Stored dataset items —
◇ ◇ ◇ ◇
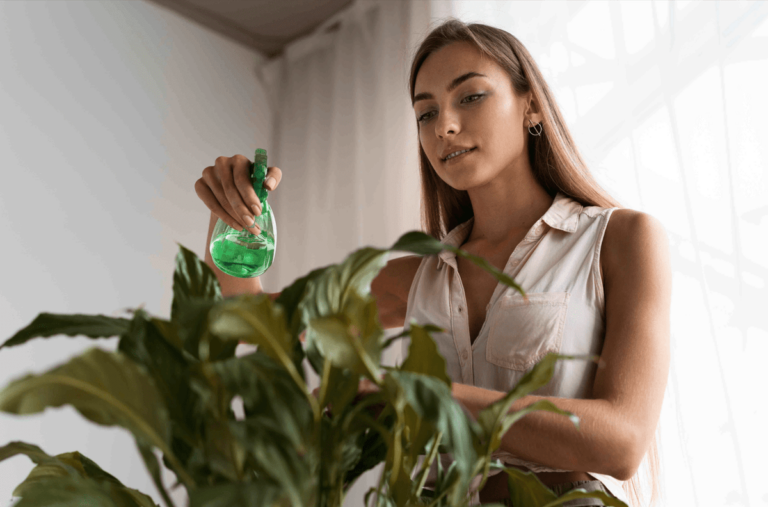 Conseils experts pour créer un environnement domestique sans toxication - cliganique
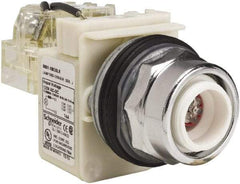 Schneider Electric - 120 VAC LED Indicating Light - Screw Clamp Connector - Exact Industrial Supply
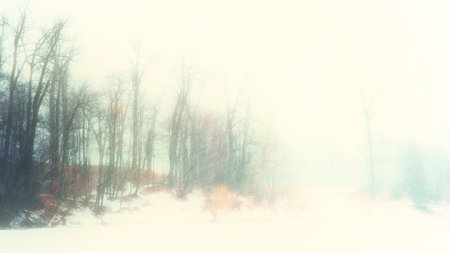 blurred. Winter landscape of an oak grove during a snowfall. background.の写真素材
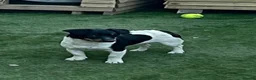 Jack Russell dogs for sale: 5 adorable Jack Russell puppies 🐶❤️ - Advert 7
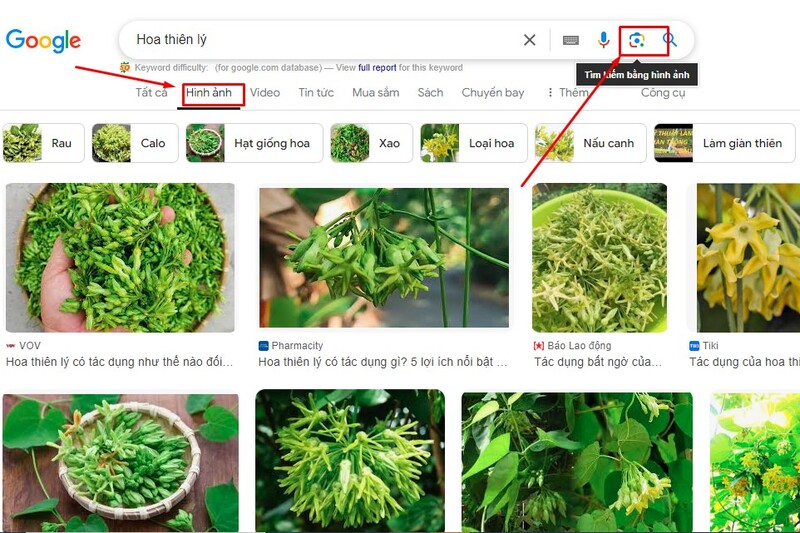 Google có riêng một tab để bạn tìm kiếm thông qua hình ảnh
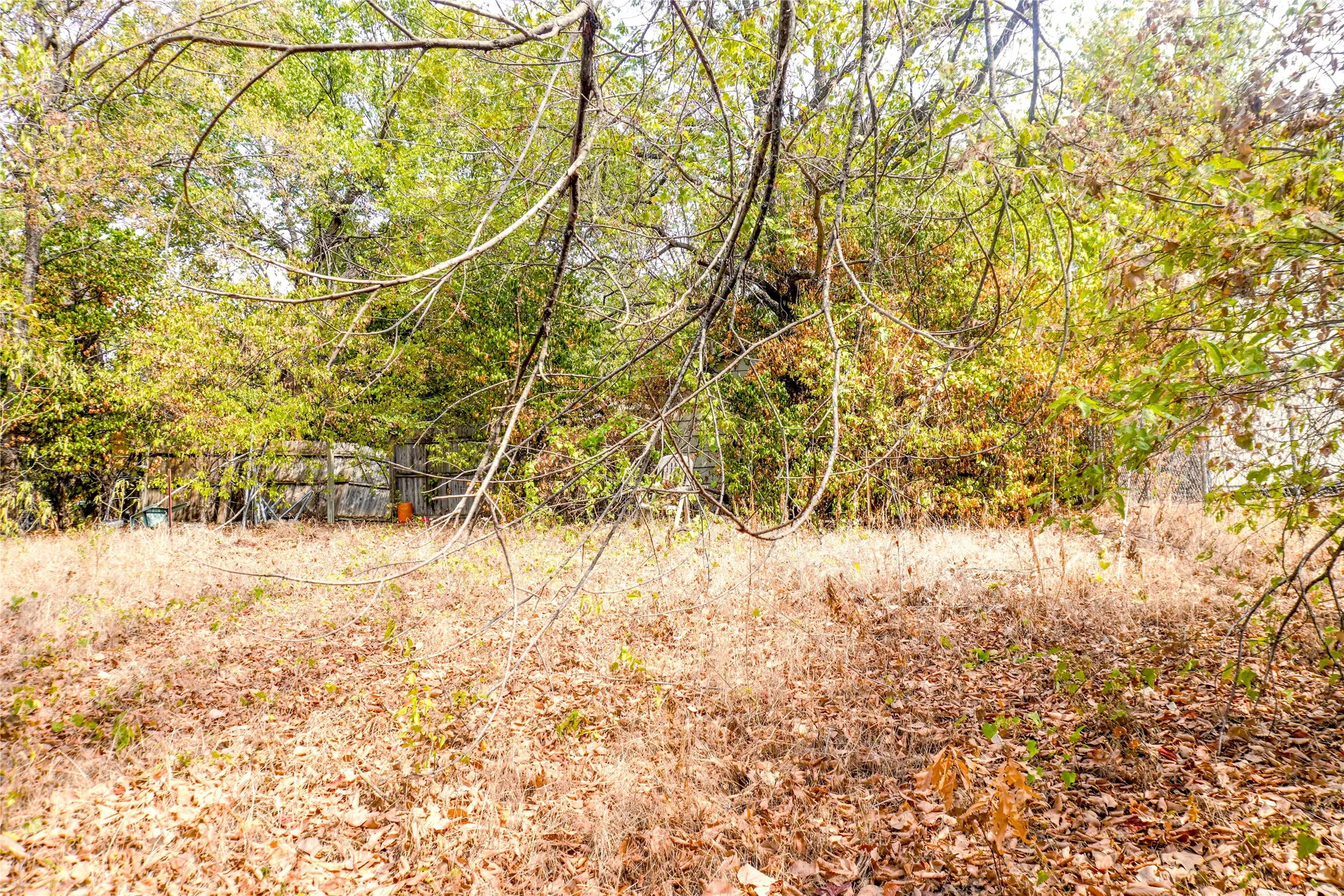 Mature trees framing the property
◇ ◇ ◇ ◇
Task description — In the answer, include exactly the lines from the one containing "blurred. Winter landscape" through the end of the records above and no pictures at all.

Response to the task —
 blurred. Winter landscape of an oak grove during a snowfall. background.の写真素材
 Jack Russell dogs for sale: 5 adorable Jack Russell puppies 🐶❤️ - Advert 7
 Google có riêng một tab để bạn tìm kiếm thông qua hình ảnh
 Mature trees framing the property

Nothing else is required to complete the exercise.